TASK DETAILS:
Below are the records. Retype exactly the lines between the lines holding "came-a-lot online show from 22, 2, 2026" and "Manta ray Manta ray 97819685", inclusive.

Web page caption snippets
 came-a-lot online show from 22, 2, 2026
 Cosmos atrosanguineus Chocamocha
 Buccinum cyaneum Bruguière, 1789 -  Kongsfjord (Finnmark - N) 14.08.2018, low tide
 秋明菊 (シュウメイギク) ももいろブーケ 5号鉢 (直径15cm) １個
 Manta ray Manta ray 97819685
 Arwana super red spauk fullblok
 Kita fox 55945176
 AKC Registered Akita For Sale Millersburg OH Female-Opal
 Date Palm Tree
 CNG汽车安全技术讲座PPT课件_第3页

* * *

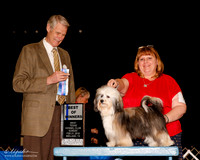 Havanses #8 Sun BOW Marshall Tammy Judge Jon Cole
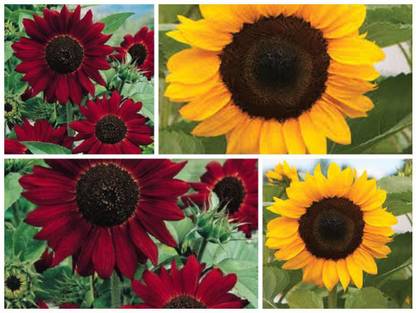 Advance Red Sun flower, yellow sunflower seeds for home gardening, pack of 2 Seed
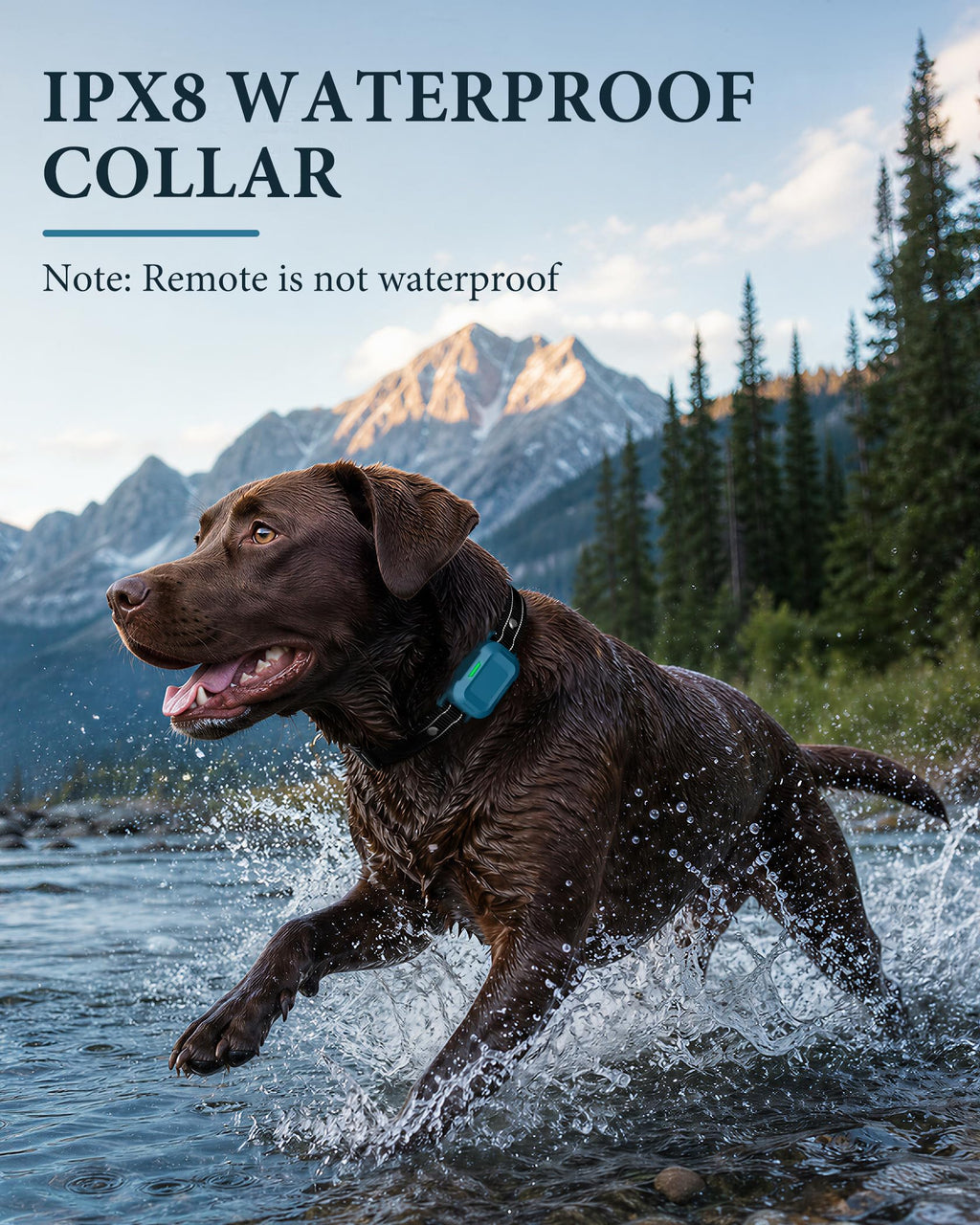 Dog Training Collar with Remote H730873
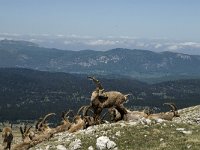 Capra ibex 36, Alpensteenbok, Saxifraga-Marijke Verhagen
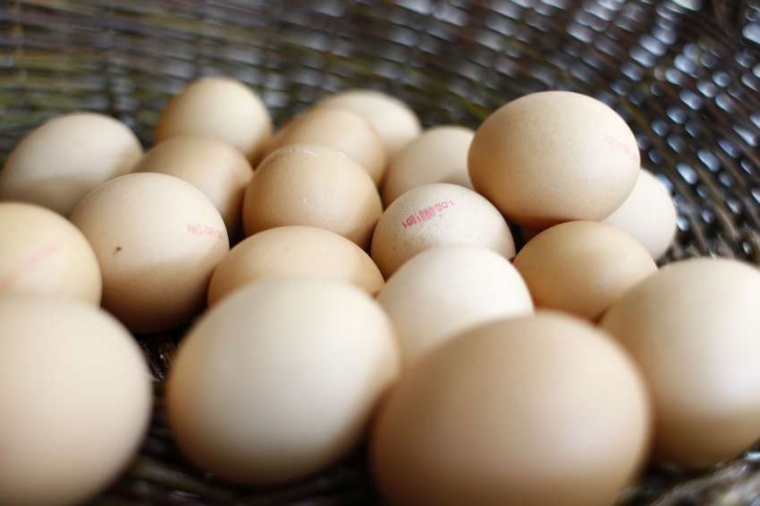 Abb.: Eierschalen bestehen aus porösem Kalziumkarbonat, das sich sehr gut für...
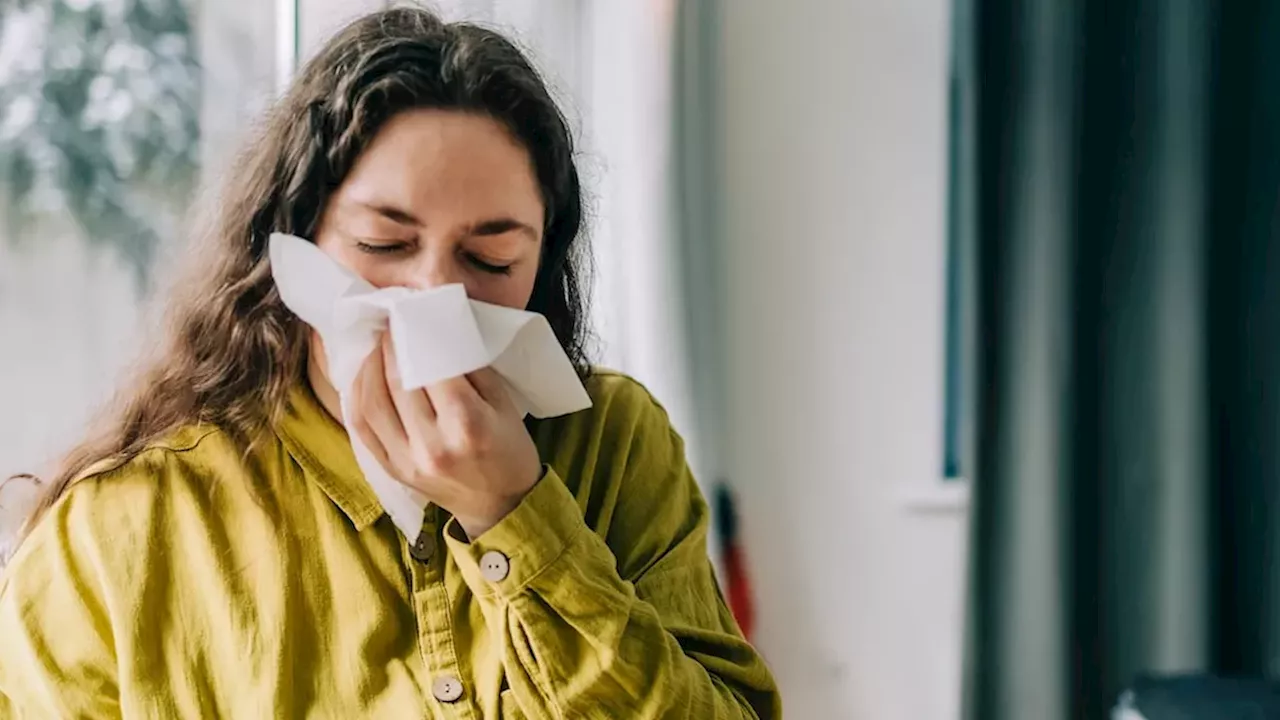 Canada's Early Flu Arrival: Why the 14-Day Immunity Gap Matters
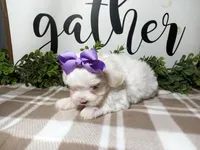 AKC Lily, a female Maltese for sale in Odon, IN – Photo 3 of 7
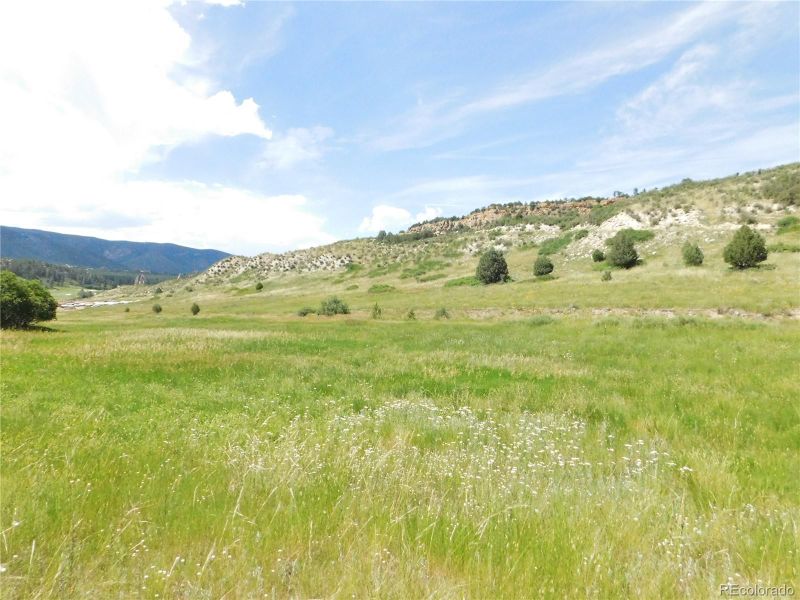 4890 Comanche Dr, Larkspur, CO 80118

YOUR RESPONSE:
 came-a-lot online show from 22, 2, 2026
 Cosmos atrosanguineus Chocamocha
 Buccinum cyaneum Bruguière, 1789 -  Kongsfjord (Finnmark - N) 14.08.2018, low tide
 秋明菊 (シュウメイギク) ももいろブーケ 5号鉢 (直径15cm) １個
 Manta ray Manta ray 97819685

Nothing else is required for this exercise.